How to get a list of all Huggingface download redirections to whitelist?

I work inside a secure corporate VPN network, so I’m unable to download Huggingface models using from_pretrained commands. However, I can request the security team to whitelist certain URLs needed for my use-case.

The security team has already whitelisted the ‘huggingface.co’ and ‘cdn-lfs.huggingface.co’ URLs. I can now download the files from repo but the loading functions from_pretrained still don’t work.

I think it’s getting blocked while redirecting the requests internally. So, is there a way to know all (hop) URLs I can request to whitelist to make the load functions work?

Thanks in advance.

3 Likes

hi @ayadav

Can you give more details, like error logs, etc?

Is there any update on this?

1 Like

Having the same issue. Is there a listing of URLs that we can whitelist? Also if there are any planned changes to URLs is there a roadmap so we can stay on top of it?

1 Like

I’ll try to supply error logs next time I encounter it, but it has come up multiple times for me as well. When we try to call <model>.from_pretrained("repo") in our DataBricks environment, we get an SSL error about not having the proper certificate. We’ve also gotten a max_retries error but I can’t say for certain if that was due to the underlying whitelist request. There are ways around this, but if HF published a domain list that we could use to properly configure our environments, that would be very useful!

2 Likes

hi! any updates on this? or any alternatives to follow meanwhile? I am about to try downloading a model and going offline and then pushing it up to databricks. Yet, if you had a better idea, or tried this before, I’d like to hear.
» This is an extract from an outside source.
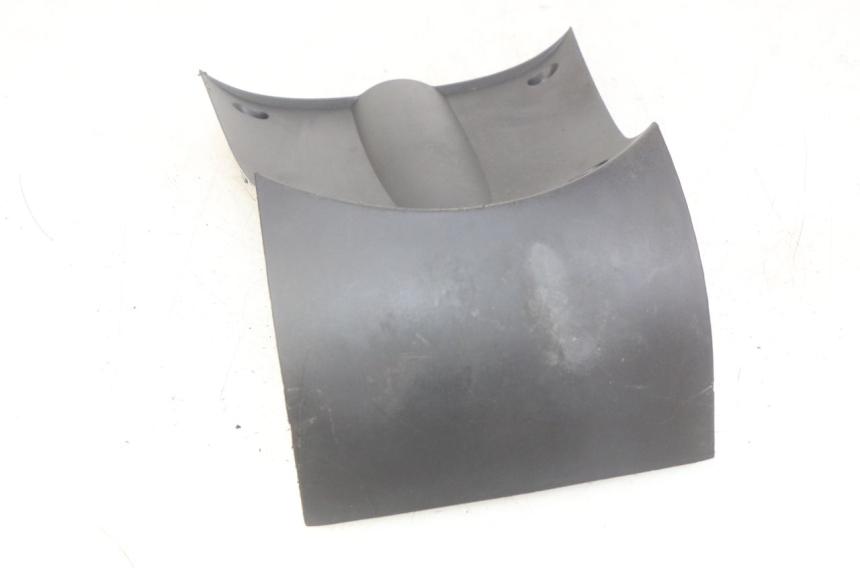 photo de FRONT WHEEL AXLE SYM FIDDLE 3 III 125 (2014 - 2020) - Zoom on usage condition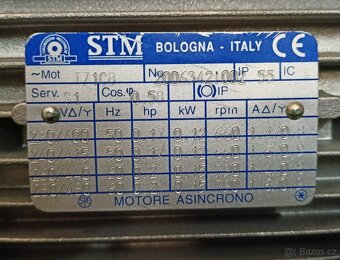 Elektromotor s převodovkou - 2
I have same issue with download from different cdn name.
After our IT team added
http://huggingface.co/ and
http://cdn-lfs.huggingface.co/ in whitelist.

For example, it is work for download meta-llama/Llama-2-13b-chat.
But error when the cdn become cdn-lfs-us-1.huggingface.co or other regions.
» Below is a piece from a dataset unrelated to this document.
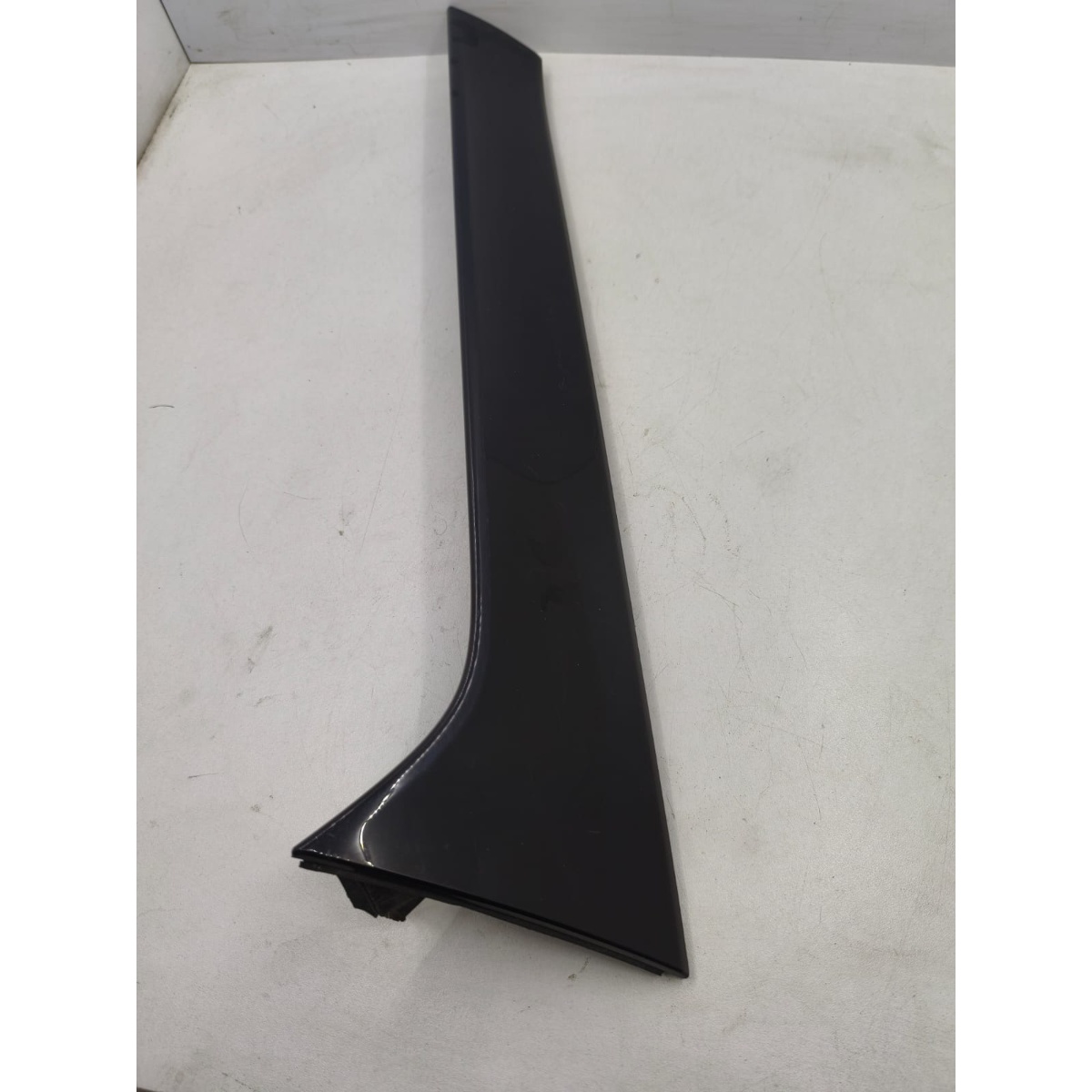 Aplique Moldura Tampa Traseira Audi Q5 17/24 Es 80A854871 - Imagem 4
Update? Same issue here. I’ve gotten around by using my home network to connect to the hf repo and download to my workstation cache. Then I reconnect to VPN into the corporate network and copy from my workstation to the server cache. This is painfully slow.

FWIW curl -IL test shows redirection (302 responses) from the repo when I am connected to the corporate network (fails to download). However on my home network there are no redirects (successful download). Is there an issue with general redirection handling?